Their talk shows feature celebrity guests numbering to five to twenty, and many times what happens is simply that a feature story is shown, and, in the corner of the screen, we watch the guests' reactions as they, in turn, watch the feature alongside us. Is this because in Japanese society it's important to know what everybody else is feeling and thinking before you can make your own judgement? I'm not sure. But last night there was a segment on a vicious ice storm that hit Montreal and Quebec and Ontario a few years back (with footage that seemed suspiciously like something stolen from a CBC drama), and the guests' screen-within-a-screen reactions were all perfectly, appropriately sympathetic, horrified, relieved. Which encouraged me to feel the same way. Which is maybe the point.

There are also an insane amount of food and travel shows, with guests cooking and tasting and oohing and ahhing. Major and minor celebrities alike also travel around various spots in Japan and the world, pointing out interesting sights, visiting northern Japan or the Middle East, southern Okinawa or the the heart of the Netherlands. The Japanese have an insatiable curiosity about everything, and more important, a desire to constantly improve, to know more, to do better, so there are a multitude of books and TV shows centred around improving one's skills, etiquette, and overall knowledge of the world.

Of course, part of the fun for me is trying to figure out what, exactly, is going on. My listening skills are getting better, but they still have a long way to go. The other night I flipped through a channel that featured a baby in the womb. Ah, maybe it's about abortion, I figured. The scene then cut to the panelists in the studio, who kept repeating a single word, an unfamiliar word, and so I popped open my dictionary and saw that it was the Japanese word for 'evolution'. (Which I have now, of course, forgotten.) So they're talking about evolution. Cool. The baby in the womb, evolution, that all make sense.

But then they brought out a pony-tailed expert in a suit, and he started pointing to various graphs, and then unleashed a photo of a man with three nipples. He pointed carefully at the third nipple, located just above the waist, while the guests oohed an ahhed.

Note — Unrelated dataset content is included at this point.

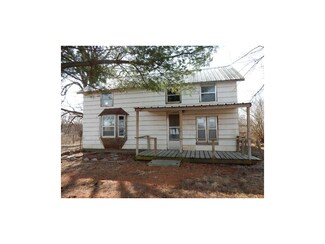 4124 Greens Grove Rd, Center Point, IA 52213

Baby in the womb. A man's third nipple. Evolution. It all makes sense.

However, the next guest threw things for an even bigger loop. A woman in her thirties is introduced, alongside footage of her in the wrestling ring, throwing butch chicks over her shoulders with supreme agility and ease. Ah, a Japanese female wrestler. I got it. Then they cut to her giving birth in the delivery room. Okay, fine. But then they show her and her husband at the zoo, I guess, watching a giraffe, and it soon becomes apparent that this giraffe is giving birth, and so the scene cuts from actual footage of the Japanese female wrestler giving birth to her and her husband watching a giraffe give birth! (Have you ever seen a giraffe give birth? No? Don't.)

Baby in the womb. A man with three nipples. A Japanese female wrestler. The wrestler giving birth. The wrestler watching a giraffe give birth. Sentimental music all the while.

Gotta love it.

There are also programs that feature learning French, learning English, learning Korean, learning German, learning Italian, learning more about haiku, alongside the usual Sunday morning shows about politicians, and, of course, the inevitable Hollywood star whoring themselves out for a bit of extra cash.

A Softbank ad features Brad Pitt outside of, well, I don't know -- an office? a museum? -- arguing with somebody on the phone while the camera circles around him. We can see him mouth: `Baby, I love you. I'm sorry. I'm sorry.` He grows steadily more exasperated before hanging up and shoving the phone into the hands of a befuddled businessman walking the other way. Hmmm.

There's also one featuring Tommy Lee Jones (!) sitting on an airplane next to Dave Spector, an American TV commentator who's lived in Japan for thirty years and speaks freakishly good Japanese. I can't quite figure this one out. Tommy Lee Jones is looking grimly out the window. (Come to think of it, does he ever look anything but grim?) Dave Spector is cheerfully saying...something. Next they're in Tokyo, while Jones drinks coffee from a can and Dave Spector and a stewardness look on happily beside him.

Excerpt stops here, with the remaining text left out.